İBB Meclisi, 29 Ekim 1923 tarihinde ilan edilen Türkiye Cumhuriyeti’nin 100. yılında “100. Yıl” gündemi ile olağanüstü toplandı. İBB Başkanı Ekrem İmamoğlu, Saraçhane Belediye Binası’nın girişinde meclis üyeleri ve çocuklar tarafından Türk Bayrağı hediye edilerek karşılandı. Törende İBB Meclisi 1. Başkan Vekili Zeynel Abidin Okul, CHP Grup Başkan Vekili Tarık Balyalı, AK Parti Grup Başkan Vekili Tevfik Göksu, İYİ Parti Grup Başkan Vekili İbrahim Özkan, MHP Grup Başkan Vekili Volkan Yılmaz ile meclis üyeleri ve İBB bürokratları yer aldı. İmamoğlu’nun, binanın girişindeki Atatürk büstüne çelenk koyması ile başlayan tören saygı duruşu ve İstiklal Marşı ile devam etti.

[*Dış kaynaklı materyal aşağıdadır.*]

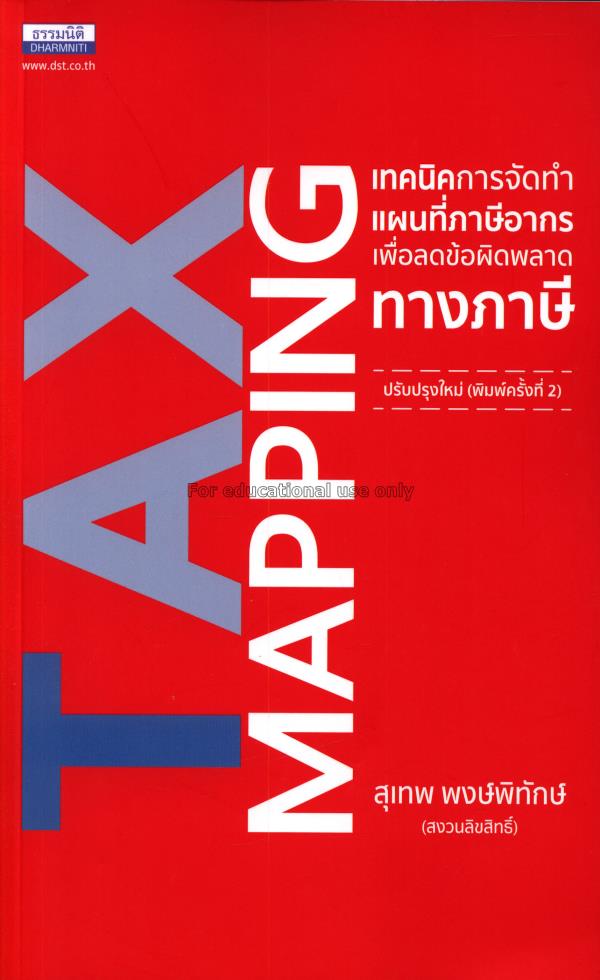 Tax Mapping เทคนิคการจัดทำแผนที่ภาษีอากร เพื่อลดข้...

İBB MECLİSİ TÜRK BAYRAKLARI İLE DONATILDI
Daha sonra Türk Bayrakları ile donatılmış İBB Meclisi Salonuna geçen Ekrem İmamoğlu ve beraberindekiler, olağanüstü toplantı ile Cumhuriyet’in 100. yılını kutladı. İmamoğlu’nun başkanlık ettiği toplantının açılışında saygı duruşu yapıldı ve İstiklal Marşı okundu. Daha sonra, Türkiye’deki yerel yönetimler ile İBB Meclisi’nin tarihini anlatan “Cumhuriyetin 100. Yılı” özel filmi gösterildi.
Dört partinin Grup Başkan Vekilleri birer konuşma yaptıktan sonra kürsüye İmamoğlu geldi ve şunları söyledi:
“CUMHURİYETİN ÖNERDİĞİ EVRENSEL MESAJI YÜREĞİMİZDE HİSSETMELİYİZ
Bugün 29 Ekim. Cumhuriyetimizin ilanının 100. yılı. Bu bizim beraberce, ulus olarak, tarihte yeni bir yolculuğa başladığımız gün. Bugünü ne kadar kutlarsak az. Ne kadar gurur duysak az kalır. Ülkemizin kurucusu ulu önder Atatürk’ü ne kadar minnetle anarsak az kalır. Ama ben başka bir noktaya da değinmek istiyorum; sizleri, Cumhuriyetimizin anlamını bölgemizin içinden geçtiği bu karanlık günlerde tekrar düşünmeye davet ediyorum. Cumhuriyetimizin ne anlama geldiğini hakkıyla idrak etmek, bu karanlık günleri aşmaya yardımcı olacaktır. Hatta daha ilerisini iddia etmeme izin verin. Türkiye’nin Cumhuriyet projesi, tüm halkların barışa ve özgürlüğe doğru adım atmaları için en önemli, en içerikli, en canlı referanslardan biridir. Bu geçen yüzyılda da böyleydi. Bu yüzyılda da böyle. Biz, Cumhuriyet’in yurttaşları olarak, Cumhuriyet’in önerdiği evrensel mesajı yüreğimizde hissetmeliyiz.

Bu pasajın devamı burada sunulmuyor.